El problema planteado por el nou Estatut no es, pues, la afirmación nacional de Cataluña. Éste sería sólo un obstáculo formal perfectamente superable si la concepción del tema descansara sobre ese engarce entre naciones como la vasca o la catalana y el eje nacional español, en torno al cual está configurado el Estado-nación desde que la Constitución de Cádiz definiera su contenido en 1812. El problema reside en la negación que de hecho recae sobre la nación española. Por eso los redactores se preocupan de algo tan insólito como definir qué es España. La nación catalana queda entonces como un sujeto «singular», desligado por su supuesta historia y rasgos propios de cualquier otra entidad nacional.
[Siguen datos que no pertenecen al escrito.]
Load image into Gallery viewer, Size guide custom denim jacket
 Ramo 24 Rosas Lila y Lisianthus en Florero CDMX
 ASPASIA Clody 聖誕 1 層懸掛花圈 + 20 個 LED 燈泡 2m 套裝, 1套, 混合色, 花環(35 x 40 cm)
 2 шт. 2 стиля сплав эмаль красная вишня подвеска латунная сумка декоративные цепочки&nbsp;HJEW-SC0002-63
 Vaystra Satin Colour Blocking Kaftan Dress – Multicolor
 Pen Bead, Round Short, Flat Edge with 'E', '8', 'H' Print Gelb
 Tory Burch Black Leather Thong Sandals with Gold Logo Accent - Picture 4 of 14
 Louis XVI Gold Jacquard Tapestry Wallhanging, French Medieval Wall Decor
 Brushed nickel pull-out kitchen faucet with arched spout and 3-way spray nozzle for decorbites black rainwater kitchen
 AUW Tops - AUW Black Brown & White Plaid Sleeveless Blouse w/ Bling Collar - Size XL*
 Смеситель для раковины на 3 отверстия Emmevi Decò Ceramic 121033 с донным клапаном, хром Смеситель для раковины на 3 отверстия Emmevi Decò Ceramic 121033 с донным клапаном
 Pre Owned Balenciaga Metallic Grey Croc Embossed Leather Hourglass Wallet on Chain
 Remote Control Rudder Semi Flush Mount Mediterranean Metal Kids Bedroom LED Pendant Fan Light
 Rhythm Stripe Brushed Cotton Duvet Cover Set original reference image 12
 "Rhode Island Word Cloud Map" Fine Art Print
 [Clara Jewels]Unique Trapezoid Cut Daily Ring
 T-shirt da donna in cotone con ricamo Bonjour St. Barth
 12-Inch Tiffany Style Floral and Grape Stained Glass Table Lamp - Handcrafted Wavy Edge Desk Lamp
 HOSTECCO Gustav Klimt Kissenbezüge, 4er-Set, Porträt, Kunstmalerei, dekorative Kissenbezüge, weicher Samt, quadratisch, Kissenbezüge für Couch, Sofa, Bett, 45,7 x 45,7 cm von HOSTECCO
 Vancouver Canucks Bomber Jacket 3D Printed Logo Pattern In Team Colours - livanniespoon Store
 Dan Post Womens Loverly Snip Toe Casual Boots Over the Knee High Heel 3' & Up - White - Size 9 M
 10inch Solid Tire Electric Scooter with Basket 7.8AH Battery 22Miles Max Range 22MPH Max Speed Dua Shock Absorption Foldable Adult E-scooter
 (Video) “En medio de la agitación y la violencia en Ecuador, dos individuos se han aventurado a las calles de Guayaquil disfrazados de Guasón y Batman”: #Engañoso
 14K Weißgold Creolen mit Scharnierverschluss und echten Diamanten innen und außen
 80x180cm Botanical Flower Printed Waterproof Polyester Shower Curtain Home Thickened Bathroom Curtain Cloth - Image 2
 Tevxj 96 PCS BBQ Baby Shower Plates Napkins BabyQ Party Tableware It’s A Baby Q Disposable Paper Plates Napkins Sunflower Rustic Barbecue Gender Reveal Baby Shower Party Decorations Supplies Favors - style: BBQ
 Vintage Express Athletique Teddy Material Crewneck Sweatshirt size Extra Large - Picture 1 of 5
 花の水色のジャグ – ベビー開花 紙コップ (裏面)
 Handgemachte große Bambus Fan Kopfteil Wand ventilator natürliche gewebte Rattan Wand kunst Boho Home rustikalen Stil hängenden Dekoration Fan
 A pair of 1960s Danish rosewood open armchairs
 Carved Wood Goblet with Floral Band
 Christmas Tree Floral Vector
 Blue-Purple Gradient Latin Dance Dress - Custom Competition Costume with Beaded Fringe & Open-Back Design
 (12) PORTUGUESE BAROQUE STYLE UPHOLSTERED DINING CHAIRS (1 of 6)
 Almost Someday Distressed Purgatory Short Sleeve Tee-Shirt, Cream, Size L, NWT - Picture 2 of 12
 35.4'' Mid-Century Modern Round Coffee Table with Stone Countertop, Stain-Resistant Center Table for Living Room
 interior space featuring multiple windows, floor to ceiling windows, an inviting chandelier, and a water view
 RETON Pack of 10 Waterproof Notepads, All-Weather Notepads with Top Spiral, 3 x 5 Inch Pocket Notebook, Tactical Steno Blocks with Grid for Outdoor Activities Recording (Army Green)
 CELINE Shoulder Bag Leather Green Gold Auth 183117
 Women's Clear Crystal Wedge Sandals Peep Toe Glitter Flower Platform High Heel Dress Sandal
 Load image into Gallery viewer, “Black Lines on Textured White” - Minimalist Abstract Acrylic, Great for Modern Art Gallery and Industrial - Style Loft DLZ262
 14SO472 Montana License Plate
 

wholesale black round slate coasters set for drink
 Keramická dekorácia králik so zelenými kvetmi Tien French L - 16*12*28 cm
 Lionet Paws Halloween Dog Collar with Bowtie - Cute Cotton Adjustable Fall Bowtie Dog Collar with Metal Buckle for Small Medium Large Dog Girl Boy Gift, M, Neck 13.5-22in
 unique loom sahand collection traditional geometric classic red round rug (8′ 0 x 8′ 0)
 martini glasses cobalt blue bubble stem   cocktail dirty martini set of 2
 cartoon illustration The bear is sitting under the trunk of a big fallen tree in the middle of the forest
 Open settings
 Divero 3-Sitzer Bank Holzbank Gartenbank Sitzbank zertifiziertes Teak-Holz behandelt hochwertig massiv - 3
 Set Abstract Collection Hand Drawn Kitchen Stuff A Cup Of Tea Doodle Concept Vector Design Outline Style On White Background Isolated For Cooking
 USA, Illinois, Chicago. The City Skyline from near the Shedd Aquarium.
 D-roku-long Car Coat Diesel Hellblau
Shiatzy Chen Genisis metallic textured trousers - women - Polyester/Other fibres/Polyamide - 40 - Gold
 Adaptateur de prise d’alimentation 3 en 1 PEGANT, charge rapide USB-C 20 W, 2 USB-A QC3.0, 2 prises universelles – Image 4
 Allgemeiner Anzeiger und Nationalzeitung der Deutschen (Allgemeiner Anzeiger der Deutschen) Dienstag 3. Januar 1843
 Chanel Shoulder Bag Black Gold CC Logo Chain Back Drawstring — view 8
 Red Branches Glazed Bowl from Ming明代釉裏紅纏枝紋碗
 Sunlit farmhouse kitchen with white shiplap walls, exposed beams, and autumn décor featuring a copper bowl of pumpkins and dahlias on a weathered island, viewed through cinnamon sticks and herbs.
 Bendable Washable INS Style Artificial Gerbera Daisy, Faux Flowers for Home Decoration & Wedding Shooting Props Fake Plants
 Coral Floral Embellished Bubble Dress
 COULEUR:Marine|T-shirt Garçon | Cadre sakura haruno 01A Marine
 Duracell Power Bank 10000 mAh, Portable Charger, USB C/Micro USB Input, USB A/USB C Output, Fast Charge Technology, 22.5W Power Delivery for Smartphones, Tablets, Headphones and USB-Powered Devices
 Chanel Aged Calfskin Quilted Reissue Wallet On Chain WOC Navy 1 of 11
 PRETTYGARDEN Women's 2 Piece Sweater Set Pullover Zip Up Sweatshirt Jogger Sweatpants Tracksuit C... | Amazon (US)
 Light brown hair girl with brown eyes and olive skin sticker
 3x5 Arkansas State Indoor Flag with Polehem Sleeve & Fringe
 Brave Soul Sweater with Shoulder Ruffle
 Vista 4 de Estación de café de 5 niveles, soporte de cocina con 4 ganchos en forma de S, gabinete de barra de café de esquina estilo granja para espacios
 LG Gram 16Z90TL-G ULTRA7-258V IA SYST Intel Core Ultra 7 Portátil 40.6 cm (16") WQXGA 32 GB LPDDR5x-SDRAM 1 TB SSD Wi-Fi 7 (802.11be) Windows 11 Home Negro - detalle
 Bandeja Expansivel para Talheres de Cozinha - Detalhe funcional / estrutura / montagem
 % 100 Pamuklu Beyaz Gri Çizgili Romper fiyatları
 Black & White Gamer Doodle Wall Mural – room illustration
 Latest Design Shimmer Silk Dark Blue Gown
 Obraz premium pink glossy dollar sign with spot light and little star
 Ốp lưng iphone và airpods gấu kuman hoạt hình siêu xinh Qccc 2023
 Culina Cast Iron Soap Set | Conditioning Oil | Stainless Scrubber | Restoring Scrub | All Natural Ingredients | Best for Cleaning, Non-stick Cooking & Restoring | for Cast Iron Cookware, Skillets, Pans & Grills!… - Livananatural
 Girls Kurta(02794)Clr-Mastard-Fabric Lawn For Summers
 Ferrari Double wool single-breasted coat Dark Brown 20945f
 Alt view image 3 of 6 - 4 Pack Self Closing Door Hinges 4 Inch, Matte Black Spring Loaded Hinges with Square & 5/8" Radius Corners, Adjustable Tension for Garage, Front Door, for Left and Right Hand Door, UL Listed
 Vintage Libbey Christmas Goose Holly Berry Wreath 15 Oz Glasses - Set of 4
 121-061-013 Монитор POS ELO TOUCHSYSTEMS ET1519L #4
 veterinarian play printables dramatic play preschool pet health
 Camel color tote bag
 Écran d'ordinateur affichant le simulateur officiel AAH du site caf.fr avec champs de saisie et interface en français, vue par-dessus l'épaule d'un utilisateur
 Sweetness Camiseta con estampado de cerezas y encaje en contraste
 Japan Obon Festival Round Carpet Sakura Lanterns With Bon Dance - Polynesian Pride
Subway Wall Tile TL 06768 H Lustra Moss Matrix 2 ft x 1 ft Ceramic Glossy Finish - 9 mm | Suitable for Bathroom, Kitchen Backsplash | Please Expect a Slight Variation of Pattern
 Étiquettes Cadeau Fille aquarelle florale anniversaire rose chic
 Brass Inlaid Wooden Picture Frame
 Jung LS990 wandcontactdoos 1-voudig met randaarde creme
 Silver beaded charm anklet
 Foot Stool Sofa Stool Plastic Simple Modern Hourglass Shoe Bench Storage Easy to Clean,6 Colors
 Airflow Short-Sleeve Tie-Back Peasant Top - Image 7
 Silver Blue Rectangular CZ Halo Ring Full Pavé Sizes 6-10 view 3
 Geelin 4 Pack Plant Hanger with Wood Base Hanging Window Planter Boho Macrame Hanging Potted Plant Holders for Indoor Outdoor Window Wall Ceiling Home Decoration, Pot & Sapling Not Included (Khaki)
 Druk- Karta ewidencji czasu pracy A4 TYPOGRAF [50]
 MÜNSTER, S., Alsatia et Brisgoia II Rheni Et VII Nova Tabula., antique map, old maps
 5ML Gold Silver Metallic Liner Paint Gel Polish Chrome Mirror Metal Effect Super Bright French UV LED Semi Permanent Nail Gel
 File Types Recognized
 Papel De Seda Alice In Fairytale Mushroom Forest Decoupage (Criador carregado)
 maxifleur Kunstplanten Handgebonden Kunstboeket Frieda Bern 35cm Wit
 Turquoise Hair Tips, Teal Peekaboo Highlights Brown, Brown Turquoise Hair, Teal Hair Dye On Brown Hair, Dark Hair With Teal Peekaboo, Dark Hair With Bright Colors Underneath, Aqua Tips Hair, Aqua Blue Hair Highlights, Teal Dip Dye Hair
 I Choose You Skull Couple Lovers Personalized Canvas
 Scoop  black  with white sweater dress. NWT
De ahí el postulado del derecho de autodeterminación (Cataluña puede «determinar libremente su futuro como pueblo»), a partir del cual, respecto del Estado, y en eso el proyecto es coherente, las relaciones políticas se establecen de acuerdo con «el principio de bilateralidad». De ese federalismo que según Maragall constituye la base del socialismo moderno, nada.

La declaración de que España no es una nación se encuentra ya en textos catalanistas de fines del siglo XIX y ha mantenido su vigencia entre nacionalistas radicales, y otros que no lo parecían tanto. Su presencia en medios académicos se vio reforzada por la publicación en 1990 de un artículo del historiador Borja de Riquer. A su juicio, la monarquía de los Borbones no habría logrado «integrar de forma eficaz los muy heterogéneos países hispánicos» -como si Alemania o Italia lo estuvieran entonces- y el proyecto de nación española fue posterior a la pérdida del imperio en América. Resultó un intento fallido. Consecuencia: «¿Se puede hacer historia de lo que no ha existido, de la ‘nación española’?». Respuesta obvia: «No se puede hacer mitología y pretender historiar lo que no fue, lo inexistente». En años sucesivos, la condena de la nación se hizo más matizada, sin alterar el papel jugado por el imperio, situando en las Cortes de Cádiz el acta de nacimiento de ese proyecto al fin fallido.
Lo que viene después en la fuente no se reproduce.